Her sweet vanilla scent filled the air as she strolled past him like she owned the damned place. As usual, it sent his brain into a tailspin. His thoughts detoured to the street games they'd played as kids, before returning to the more risqué games they'd played as adults.
He kicked the door closed and followed her into his Man Kitchen — concrete floors, stainless steel appliances, granite countertops, but not a lot of actual food or supplies. She dropped her parka on the table before working her way through his mostly-empty cabinets, collecting the stuff to make coffee.

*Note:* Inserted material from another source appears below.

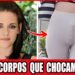 20 Celebridades Irreconhecíveis por Deformidades Corporais | Antes e Depois 2026!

Normally, he got coffee at the corner store, but he still kept some on hand for Janey. Before The Cocktail Napkin Incident, they'd hung out all the time. Poker nights, pasta nights, martini Tuesdays. She'd bought him that damn coffee maker with its automatic timer and programmed it for him so when he finally woke after his long-ass shifts, he'd have a hot pot of French vanilla or mocha or whatever frou-frou flavored roast she'd insisted he try. Shit, he'd even grown fond of that holiday spiced java.
Some old habits needed a sledgehammer.
"You look good," she said, all casual and easy, like it was just another morning,
Now, there was a curve ball. Playing the whole for-old-time's-sake card.
"Yeah, well, you always liked the unshaven look."
"A lot of women do. Like the unshaven look." She bit her bottom lip. "A lot of perfectly nice, perfectly dateable women."